Internet privacy is always a major concern for adults, but it’s an even bigger concern for those with young kids. In the United States, the Children’s Online Privacy Protection Act (COPPA) requires sites to gain parental consent before personal data can be collected on kids under 13, and prevents that data from being shared with third parties. But a new report from the international Global Privacy Enforcement Network (GPEN), published by the U.K.’s ICO information rights body, suggests that a number of popular websites and apps aimed at children may be falling way short when it comes to their responsibility to protect kids’ information.
Specifically, GPEN examined 1,494 websites and apps from around the globe with a significant following among children. Two-thirds of these sites and apps collected kids’ personal information, though only 31% had controls that limit the collection of this data. Further, 23% of these sites allow kids to upload photos and videos and 22% ask kids to give their phone number.
“Particularly concerning was that many organizations whose sites/apps were clearly popular with children simply claimed in their privacy notices that they were not intended for children, and then implemented no further controls to protect against the collection of personal data from the children who would inevitably access the app or site,” the ICO notes.
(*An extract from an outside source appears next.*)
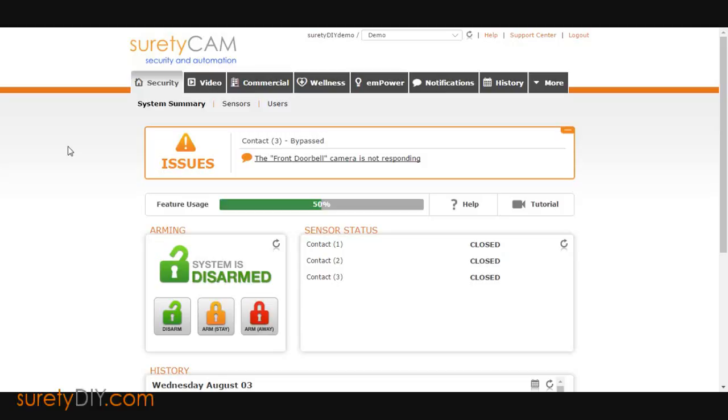Keep in mind that these names will not be reflected at the panel or used as a voice descriptor. They will only be viewable through Alarm.com and related notifications.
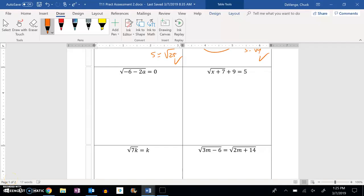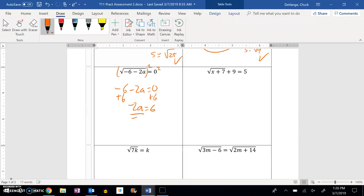On this number 3 one, we're going to square both sides to deal with that square root. We end up with negative 6 minus 2a is equal to 0. Add 6 to both sides — we're just going to solve now. Negative 2a equals 6. Divide by negative 2.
There are a few steps that you, as a parent, can take to keep your kids’ personal information protected. Limit kids' web logins to sites that provide parental dashboards. For younger kids, the ICO recommends you also look for sites with pre-made avatars and limited chat options (like pre-set phrases). And make sure your kids use a browser with parental controls (like Chrome) and make yourself familiar with its settings – the GPEN report found that many sites popular with kids often contain links to other, less-kid-friendly sites.